Directions for this task: Please make an exact transcription of all the data that follows.
[[ Task data, beginning ]]
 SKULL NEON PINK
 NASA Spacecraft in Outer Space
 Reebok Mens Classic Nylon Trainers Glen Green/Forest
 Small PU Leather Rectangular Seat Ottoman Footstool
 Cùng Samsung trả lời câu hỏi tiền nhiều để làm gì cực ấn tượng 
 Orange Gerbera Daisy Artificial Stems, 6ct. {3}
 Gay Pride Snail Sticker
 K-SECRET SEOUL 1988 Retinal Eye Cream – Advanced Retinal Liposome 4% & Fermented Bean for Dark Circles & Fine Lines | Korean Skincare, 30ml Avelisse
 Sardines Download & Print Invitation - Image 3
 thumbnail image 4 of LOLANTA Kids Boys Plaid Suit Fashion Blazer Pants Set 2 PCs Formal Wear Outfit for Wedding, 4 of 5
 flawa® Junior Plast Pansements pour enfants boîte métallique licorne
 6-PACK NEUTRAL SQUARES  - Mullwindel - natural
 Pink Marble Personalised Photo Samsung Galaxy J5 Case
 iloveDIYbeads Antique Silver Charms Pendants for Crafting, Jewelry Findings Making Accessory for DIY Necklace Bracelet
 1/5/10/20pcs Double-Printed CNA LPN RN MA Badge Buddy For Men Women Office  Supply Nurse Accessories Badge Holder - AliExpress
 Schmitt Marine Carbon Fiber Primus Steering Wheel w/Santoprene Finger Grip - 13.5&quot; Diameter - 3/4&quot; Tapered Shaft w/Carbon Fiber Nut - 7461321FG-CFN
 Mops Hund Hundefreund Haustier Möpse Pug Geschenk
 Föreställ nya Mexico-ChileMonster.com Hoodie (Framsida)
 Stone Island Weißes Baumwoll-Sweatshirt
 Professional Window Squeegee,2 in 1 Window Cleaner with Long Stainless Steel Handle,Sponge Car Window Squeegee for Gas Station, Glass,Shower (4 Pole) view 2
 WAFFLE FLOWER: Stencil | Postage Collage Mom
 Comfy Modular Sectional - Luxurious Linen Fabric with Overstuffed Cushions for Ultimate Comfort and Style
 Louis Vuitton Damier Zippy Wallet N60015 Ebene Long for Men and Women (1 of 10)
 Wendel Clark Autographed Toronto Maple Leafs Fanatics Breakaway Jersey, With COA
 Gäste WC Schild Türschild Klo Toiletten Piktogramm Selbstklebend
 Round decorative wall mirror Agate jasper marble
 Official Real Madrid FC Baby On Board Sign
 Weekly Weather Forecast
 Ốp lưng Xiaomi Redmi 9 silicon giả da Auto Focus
[[ Task data, end ]]
Answer below:
 SKULL NEON PINK
 NASA Spacecraft in Outer Space
 Reebok Mens Classic Nylon Trainers Glen Green/Forest
 Small PU Leather Rectangular Seat Ottoman Footstool
 Cùng Samsung trả lời câu hỏi tiền nhiều để làm gì cực ấn tượng 
 Orange Gerbera Daisy Artificial Stems, 6ct. {3}
 Gay Pride Snail Sticker
 K-SECRET SEOUL 1988 Retinal Eye Cream – Advanced Retinal Liposome 4% & Fermented Bean for Dark Circles & Fine Lines | Korean Skincare, 30ml Avelisse
 Sardines Download & Print Invitation - Image 3
 thumbnail image 4 of LOLANTA Kids Boys Plaid Suit Fashion Blazer Pants Set 2 PCs Formal Wear Outfit for Wedding, 4 of 5
 flawa® Junior Plast Pansements pour enfants boîte métallique licorne
 6-PACK NEUTRAL SQUARES  - Mullwindel - natural
 Pink Marble Personalised Photo Samsung Galaxy J5 Case
 iloveDIYbeads Antique Silver Charms Pendants for Crafting, Jewelry Findings Making Accessory for DIY Necklace Bracelet
 1/5/10/20pcs Double-Printed CNA LPN RN MA Badge Buddy For Men Women Office  Supply Nurse Accessories Badge Holder - AliExpress
 Schmitt Marine Carbon Fiber Primus Steering Wheel w/Santoprene Finger Grip - 13.5&quot; Diameter - 3/4&quot; Tapered Shaft w/Carbon Fiber Nut - 7461321FG-CFN
 Mops Hund Hundefreund Haustier Möpse Pug Geschenk
 Föreställ nya Mexico-ChileMonster.com Hoodie (Framsida)
 Stone Island Weißes Baumwoll-Sweatshirt
 Professional Window Squeegee,2 in 1 Window Cleaner with Long Stainless Steel Handle,Sponge Car Window Squeegee for Gas Station, Glass,Shower (4 Pole) view 2
 WAFFLE FLOWER: Stencil | Postage Collage Mom
 Comfy Modular Sectional - Luxurious Linen Fabric with Overstuffed Cushions for Ultimate Comfort and Style
 Louis Vuitton Damier Zippy Wallet N60015 Ebene Long for Men and Women (1 of 10)
 Wendel Clark Autographed Toronto Maple Leafs Fanatics Breakaway Jersey, With COA
 Gäste WC Schild Türschild Klo Toiletten Piktogramm Selbstklebend
 Round decorative wall mirror Agate jasper marble
 Official Real Madrid FC Baby On Board Sign
 Weekly Weather Forecast
 Ốp lưng Xiaomi Redmi 9 silicon giả da Auto Focus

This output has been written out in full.